D'ailleurs, on l'oublie souvent : l'Iran n'a jamais réussi à passer le premier tour d'une Coupe du Monde. Sur les cinq présences (1978, 1998, 2006, 2014, 2018), zéro victoire, zéro match nul mémorable. Quatre défaites en 2018 face à l'Espagne, le Portugal et le Maroc. Aucune efficacité offensive, une défense porose. Statistiquement, c'est l'une des équipes les moins compétitives du Mondial. Pourtant, sa présence reste symboliquement précieuse pour Infantino.

Un précédent qui inquiète les autres petites nations

En cédant aux exigences iraniennes, la FIFA ouvre une boîte de Pandore. Aucune autre équipe n'avait jusqu'ici imposé ses conditions de participation. Voilà qu'une nation peut désormais dire : si vous voulez nous avoir, vous acceptez nos termes.
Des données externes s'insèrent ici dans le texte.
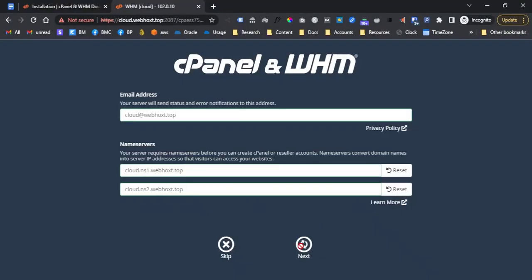Since my server hostname is cloud.webhox.top I use name servers cloud.ns1.webhox.top and cloud.ns2.webhox.top. Once done filling up please click next to proceed and you should be redirected to the dashboard of your cPanel WHM account.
Les petites fédérations observent. Certaines, engluées dans des situations politiques délicates, se demandent si elles peuvent à leur tour faire du Mondial un outil de négociation. La FIFA a établi un précédent dangereux pour son autorité. Infantino a choisi la pragmatisme : préserver l'universalité apparente du Mondial quitte à plier face aux pressions géopolitiques.

D'ici 2026, il faudra attendre l'annonce des groupes pour savoir où la Team Melli sera versée. Les États-Unis accueilleront le tournoi du 11 juin au 19 juillet 2026. Personne en Amérique du Nord n'oublie les tensions de ces dernières années. Mais Gianni Infantino a jugé que le football devait être plus fort que la politique. Jusqu'à quand, c'est la vraie question.